Jean-Paul Mari présente :
Le site d'un amoureuxdu grand-reportage

Le poison afghan

publié le 27/08/2009 | par Jean-Paul Mari

Les Afghans désignent leur nouveau président. Un scrutin à haut risque, sous la menace constante des talibans, et qui ne devrait pas modifier le cours d’une guerre de plus en plus sanglante.


Et si cette élection présidentielle, tant attendue, tant menacée, tant redoutée, dont l’enjeu est un scrutin honorable ou un simulacre de vote, une victoire ou une défaite de la démocratie, si cette élection ne servait strictement à rien ? Si Karzaï II n’était que la pâle continuité de Karzaï I, si Obama ne pouvait rien changer à la mauvaise donne laissée par George Bush ? Et si, en un mot, le sort de l’Afghanistan s’était joué dès le premier jour, quand les troupes occidentales ont passé la frontière ? Et si, finalement, le seul acte majeur devait être à terme le départ de tous les soldats étrangers du pays ?
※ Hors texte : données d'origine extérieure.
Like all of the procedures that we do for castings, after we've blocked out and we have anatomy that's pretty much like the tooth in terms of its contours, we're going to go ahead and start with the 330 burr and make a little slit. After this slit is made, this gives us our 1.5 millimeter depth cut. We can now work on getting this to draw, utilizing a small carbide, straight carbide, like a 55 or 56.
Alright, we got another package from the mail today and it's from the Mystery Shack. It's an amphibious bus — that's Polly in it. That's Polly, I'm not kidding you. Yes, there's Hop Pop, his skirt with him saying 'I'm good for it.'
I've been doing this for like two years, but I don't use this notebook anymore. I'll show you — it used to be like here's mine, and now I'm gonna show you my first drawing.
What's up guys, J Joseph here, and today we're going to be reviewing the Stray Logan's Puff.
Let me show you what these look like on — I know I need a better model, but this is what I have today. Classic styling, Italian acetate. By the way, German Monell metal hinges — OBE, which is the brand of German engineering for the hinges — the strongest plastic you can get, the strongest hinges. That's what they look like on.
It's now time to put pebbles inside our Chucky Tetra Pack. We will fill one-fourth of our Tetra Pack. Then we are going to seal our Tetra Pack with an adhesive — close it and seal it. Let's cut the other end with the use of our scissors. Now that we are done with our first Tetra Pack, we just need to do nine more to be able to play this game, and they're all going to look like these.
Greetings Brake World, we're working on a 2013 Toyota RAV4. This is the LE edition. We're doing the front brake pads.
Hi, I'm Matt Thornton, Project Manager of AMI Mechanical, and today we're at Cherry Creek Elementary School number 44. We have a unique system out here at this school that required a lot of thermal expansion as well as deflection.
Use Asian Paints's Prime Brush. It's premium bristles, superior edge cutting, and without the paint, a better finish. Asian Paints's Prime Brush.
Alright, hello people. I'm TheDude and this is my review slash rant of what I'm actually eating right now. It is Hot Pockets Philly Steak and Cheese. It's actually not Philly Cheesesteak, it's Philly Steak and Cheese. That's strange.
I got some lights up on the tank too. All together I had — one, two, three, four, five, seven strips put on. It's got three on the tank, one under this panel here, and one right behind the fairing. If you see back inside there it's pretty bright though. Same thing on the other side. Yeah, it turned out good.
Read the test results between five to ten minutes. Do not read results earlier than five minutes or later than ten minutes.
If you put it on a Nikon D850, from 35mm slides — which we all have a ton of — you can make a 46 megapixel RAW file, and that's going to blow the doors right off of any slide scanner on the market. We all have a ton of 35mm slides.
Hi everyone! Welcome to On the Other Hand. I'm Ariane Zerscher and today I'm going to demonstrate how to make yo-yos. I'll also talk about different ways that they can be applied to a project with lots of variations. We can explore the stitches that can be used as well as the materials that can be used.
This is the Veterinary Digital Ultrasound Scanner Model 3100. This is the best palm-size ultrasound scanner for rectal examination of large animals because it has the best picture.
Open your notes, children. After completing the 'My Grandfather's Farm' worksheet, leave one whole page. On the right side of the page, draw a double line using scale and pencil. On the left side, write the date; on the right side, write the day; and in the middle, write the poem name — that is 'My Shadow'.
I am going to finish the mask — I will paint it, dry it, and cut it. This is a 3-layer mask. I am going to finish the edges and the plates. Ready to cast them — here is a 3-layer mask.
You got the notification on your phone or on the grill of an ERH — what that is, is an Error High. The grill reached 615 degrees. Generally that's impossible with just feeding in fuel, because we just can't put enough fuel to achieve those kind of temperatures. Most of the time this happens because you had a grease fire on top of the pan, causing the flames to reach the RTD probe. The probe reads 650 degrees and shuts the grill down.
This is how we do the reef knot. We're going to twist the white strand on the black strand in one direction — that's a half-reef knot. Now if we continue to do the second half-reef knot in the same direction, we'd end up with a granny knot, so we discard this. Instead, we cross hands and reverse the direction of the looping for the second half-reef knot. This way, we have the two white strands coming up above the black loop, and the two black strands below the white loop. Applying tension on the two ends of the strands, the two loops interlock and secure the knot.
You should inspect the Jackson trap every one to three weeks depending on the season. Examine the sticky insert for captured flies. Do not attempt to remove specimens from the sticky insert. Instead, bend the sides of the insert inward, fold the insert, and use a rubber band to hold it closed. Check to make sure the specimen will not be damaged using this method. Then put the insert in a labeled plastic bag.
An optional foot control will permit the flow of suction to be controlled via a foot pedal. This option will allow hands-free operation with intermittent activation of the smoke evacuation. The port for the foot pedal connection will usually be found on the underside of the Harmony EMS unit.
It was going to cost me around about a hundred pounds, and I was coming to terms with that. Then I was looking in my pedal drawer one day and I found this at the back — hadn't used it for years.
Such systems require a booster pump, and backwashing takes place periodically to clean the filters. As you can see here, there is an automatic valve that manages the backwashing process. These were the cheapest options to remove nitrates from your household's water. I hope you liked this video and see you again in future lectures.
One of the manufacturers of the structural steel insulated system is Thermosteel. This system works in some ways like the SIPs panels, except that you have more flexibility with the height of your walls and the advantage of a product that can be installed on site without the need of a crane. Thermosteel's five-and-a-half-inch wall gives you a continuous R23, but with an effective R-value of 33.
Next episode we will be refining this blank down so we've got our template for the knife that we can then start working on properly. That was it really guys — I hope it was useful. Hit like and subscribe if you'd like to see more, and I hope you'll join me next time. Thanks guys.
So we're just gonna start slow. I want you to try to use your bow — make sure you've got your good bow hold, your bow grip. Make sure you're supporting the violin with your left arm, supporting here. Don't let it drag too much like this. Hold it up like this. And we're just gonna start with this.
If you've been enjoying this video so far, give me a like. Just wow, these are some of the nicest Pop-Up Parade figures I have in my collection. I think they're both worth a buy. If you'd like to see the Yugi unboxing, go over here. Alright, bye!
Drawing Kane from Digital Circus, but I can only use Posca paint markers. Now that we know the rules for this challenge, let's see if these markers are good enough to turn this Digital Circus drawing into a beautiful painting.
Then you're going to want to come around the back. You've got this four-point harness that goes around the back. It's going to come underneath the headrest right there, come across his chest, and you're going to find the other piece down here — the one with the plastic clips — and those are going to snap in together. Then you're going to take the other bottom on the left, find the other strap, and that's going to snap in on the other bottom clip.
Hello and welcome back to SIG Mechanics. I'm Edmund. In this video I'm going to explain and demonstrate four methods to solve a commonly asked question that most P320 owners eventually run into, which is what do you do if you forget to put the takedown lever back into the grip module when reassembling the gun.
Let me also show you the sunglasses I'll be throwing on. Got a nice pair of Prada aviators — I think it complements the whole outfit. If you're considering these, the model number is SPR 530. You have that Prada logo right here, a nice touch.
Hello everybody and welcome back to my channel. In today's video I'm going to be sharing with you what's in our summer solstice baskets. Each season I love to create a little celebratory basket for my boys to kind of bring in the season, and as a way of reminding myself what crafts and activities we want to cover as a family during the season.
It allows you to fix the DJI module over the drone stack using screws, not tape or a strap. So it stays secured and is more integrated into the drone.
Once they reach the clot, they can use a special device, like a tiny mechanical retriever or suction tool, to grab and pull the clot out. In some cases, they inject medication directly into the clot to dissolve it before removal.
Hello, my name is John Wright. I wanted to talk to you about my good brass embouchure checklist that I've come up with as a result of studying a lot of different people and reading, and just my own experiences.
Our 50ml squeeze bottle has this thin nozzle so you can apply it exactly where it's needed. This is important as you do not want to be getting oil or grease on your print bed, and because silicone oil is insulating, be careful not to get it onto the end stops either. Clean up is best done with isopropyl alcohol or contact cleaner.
Nous autres, Occidentaux, croyons à la magie toute-puissante des élections démocratiques. Le sort des urnes en Iran, en Irak ou ailleurs, a montré que la potion n’est pas infaillible. Sept ans après la chute des talibans, cinq ans après l’élection démocratique d’un président soutenu par les Américains, certains n’hésitent pas à parler d’un «nouveau Vietnam». Un rapprochement tentant mais un brin démesuré. Le Vietnam, c’était dix ans de guerre totale et, côté américain, plus de 700 000 soldats et 58 000 morts.

En Afghanistan, 90 000 soldats étrangers sont présents, dont «seulement» 68 000 Américains. Ils affrontent de 8 000 à 10 000 talibans combattant à plein temps, sur 30 000 à 40 000 insurgés potentiels. Tant que les Américains sont là, Kaboul ne tombera pas. Le «scénario noir» pourrait donc ressembler davantage à un film soviétique dont les tanks contrôlaient avec peine, à la fin de la guerre, les villes principales et les grands axes. Les Russes sont partis en misant, eux aussi, sur IV afghanisation» d’une armée communiste. Elle a quand même tenu deux ans après leur départ.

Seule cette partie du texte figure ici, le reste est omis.